And let's not underplay the educational value...


----------



## Gonzalodqa (Feb 19, 2021)

It looks like Succupira (it also stinks when you work with it)


----------



## Mr. Peet (Feb 19, 2021)

Gonzalodqa said:


> It looks like Succupira (it also stinks when you work with it)


_Bowdichia_, which 'Succupira' were you thinking?


----------



## Gonzalodqa (Feb 19, 2021)

Mr. Peet said:


> _Bowdichia_, which 'Succupira' were you thinking?


Yes Bowdichia spp.


----------



## Mr. Peet (Feb 19, 2021)

Gonzalodqa said:


> Yes Bowdichia spp.


I could see where you could say that, however, the source had revealed the whole name in post #9 so most of us are fine with 'Cumaru', _Dipteryx_ spp.


----------



## Gonzalodqa (Feb 19, 2021)

Oh i missed that one. Yes if they say is Cumaru then dipteryx it is. I think the most common are odorata and micranta, but I am aware that ferrea and some others can be found in the market

Reactions: Like 1


----------



## DKMD (Feb 19, 2021)

DLJeffs said:


> Kind of like the "Chilean sea bass" flim flam.

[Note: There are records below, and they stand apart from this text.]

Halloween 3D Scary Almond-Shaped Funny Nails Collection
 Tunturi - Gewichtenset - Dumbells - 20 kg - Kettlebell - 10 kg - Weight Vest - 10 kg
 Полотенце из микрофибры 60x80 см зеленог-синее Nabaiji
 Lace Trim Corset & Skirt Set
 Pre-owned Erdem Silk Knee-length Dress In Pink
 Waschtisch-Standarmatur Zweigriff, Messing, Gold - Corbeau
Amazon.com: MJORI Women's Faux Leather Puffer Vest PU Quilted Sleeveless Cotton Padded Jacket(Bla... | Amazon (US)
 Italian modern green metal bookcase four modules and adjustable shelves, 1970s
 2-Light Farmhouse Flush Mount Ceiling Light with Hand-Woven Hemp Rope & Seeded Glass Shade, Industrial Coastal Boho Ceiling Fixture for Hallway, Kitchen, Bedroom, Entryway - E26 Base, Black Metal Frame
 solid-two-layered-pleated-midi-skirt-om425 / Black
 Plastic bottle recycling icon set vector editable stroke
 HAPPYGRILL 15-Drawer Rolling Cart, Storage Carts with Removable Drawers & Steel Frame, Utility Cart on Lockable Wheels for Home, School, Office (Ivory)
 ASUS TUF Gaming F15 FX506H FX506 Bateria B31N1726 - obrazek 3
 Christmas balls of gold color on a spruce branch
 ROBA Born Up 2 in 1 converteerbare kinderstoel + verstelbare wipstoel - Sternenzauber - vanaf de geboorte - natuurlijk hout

I thought they called it that because Patagonian toothfish doesn’t sound appetizing. They’ve got a face that even a mother couldn’t love.


----------



## DLJeffs (Feb 19, 2021)

DKMD said:


> I thought they called it that because Patagonian toothfish doesn’t sound appetizing. They’ve got a face that even a mother couldn’t love.


Exactly. It started with a chef somewhere, sort of like Prudhomme and blackened redfish in the Gulf. If you haven't read it, this is a really interesting book about it.

Hooked: Pirates, Poaching, and the Perfect Fish

Reactions: Way Cool 1


----------